Volume 2011 | Article ID 162709 | https://doi.org/10.1155/2011/162709

Primary Vulval Rhabdoid Tumor in an Adult: A Case Report, Immunohistochemical Profile and Literature Review

Maria A. Arafah^1,2and Muna I. Aljuboury³

Academic Editor: Mark E. Shaffrey

Received31 May 2011

Accepted08 Aug 2011

Published29 Sept 2011

Abstract

We report a rare case of primary vulval rhabdoid tumor in an adult. The diagnosis was confirmed using the recently emerging INI1/BAF47 immunostain. We also demonstrate the expression of ER and PR hormonal receptors by the tumor cells.

1. Introduction

Extrarenal malignant rhabdoid tumors (EMRTs) are rare and highly aggressive neoplasms. Although they are known to occur during infancy and childhood, their occurrence in adults is reported. EMRTs were described in various anatomical sites, and the use of INI1 immunostain has recently emerged as an important adjunct for identifying these tumors. An extensive online search of the literature revealed very few reported cases of EMRT of the vulva [1–10]. We hereby report another case and the first in which the INI1, ER, and PR immunostains were utilized.

2. Case Description

A 25-year-old Saudi female, who is medically free, presented to our emergency department complaining of a mass in the mons pubis. The mass was occasionally tender and had rapidly increased in size in two-week duration. No other complains or masses at other sites were reported. On clinical examination, an ill-defined soft mass was identified in the mons pubis, extending to the left inguinal area with a hyperemic overlying skin. Laboratory tests were within normal limits except for a mild leukocytosis. The clinical impression was of an abscess, and the patient was scheduled for surgery. A local excision of the mass was done, and the specimen was sent to the histopathology department. The patient was discharged on the next day of surgery.

2.1. Gross Findings

Grossly, the specimen consisted of two irregular pieces of soft tissue. Both masses were partially encapsulated and measured 6 × 5 × 2 cm and 6.5 × 6 × 2.5 cm, respectively. The outer surface of both masses was irregular. Serial slicing of the masses revealed a heterogeneous cut surface with pale white and dark tan areas. Random sections from both masses were taken for histopathological examination.

2.2. Microscopic Findings

H&E slides showed a poorly differentiated neoplasm. The tumor consisted exclusively of cells retaining the classical “rhabdoid” morphology (Figure 1). The cells were discohesive with distinct cell borders, and they were arranged in solid sheets. The amount of cytoplasm varied between scant to abundant. The cytoplasm had a prominent eosinophilic quality, and intracytoplasmic glassy eosinophilic inclusions were seen within the majority of the cells. The nuclei were vesicular, eccentric, and highly pleomorphic with prominent nucleoli. Numerous mitoses were seen (45 mitoses/10 HPF). Occasional multinucleated tumor giant cells were present. There were neither areas of necrosis nor lymphovascular invasion.

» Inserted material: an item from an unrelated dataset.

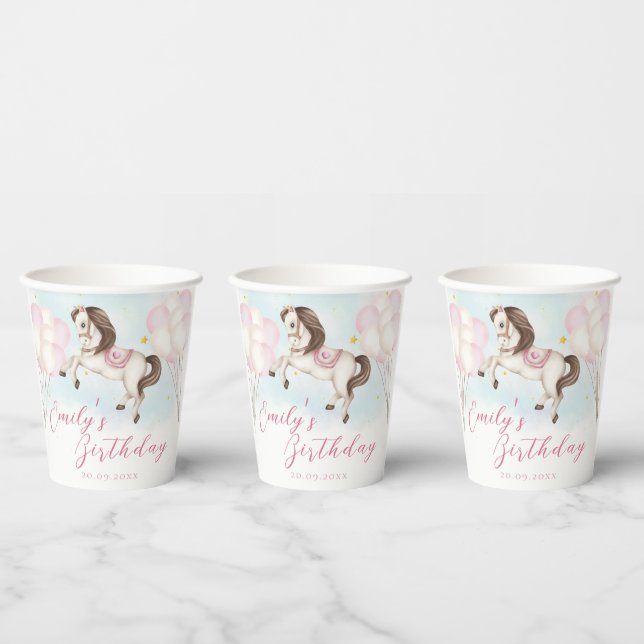 Vasos De Papel Cumpleaños bebé pony de cuento rosa globos estrell (Multi)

2.3. Immunohistochemical Findings

An extended panel of antibodies was performed on Ventana using the iVIEW DAB detection kit and showed focal cytoplasmic immunoreactivity to vimentin (mouse monoclonal, 1 : 60; Dako) with the characteristic globular cytoplasmic configuration indenting the nucleus. The cytoplasm of tumor cells also coexpressed cytokeratin cocktail (mouse monoclonal, AE1/AE3, 1 : 100; Dako), CK 8 (mouse monoclonal, ready to use; Dako), and CK 19 (mouse monoclonal, 1 : 40; Dako). The tumor cells, in comparison to the endothelial lining of the capillaries, showed loss of INI1 (mouse monoclonal, BAF 47, ready to use; BD Transduction Laboratories, USA) nuclear staining (Figure 2). Anti-Ki-67 (mouse monoclonal, 1 : 50; Dako) showed a high proliferation index reaching up to 80% of tumor cells. Tumor cells have showed nuclear positivity to ER (mouse monoclonal, 1 : 20; Dako) (weak to moderate in 90%) (Figure 3) and have also showed nuclear positivity to PR (mouse monoclonal, 1 : 100; Dako) (strong in 20%). All other immunohistochemical (IHC) stains were negative including CD34, EMA, CD99, CD117, CD45, CD30, CD138, bcl-6, bcl-2, CK7, CK20, GCDFP, muscular differentiation markers (Desmin, SMA, Myoglobin), neuroendocrine markers (Synaptophysin, Chromogranin A, CD56), and melanoma markers (S100, HMB-45).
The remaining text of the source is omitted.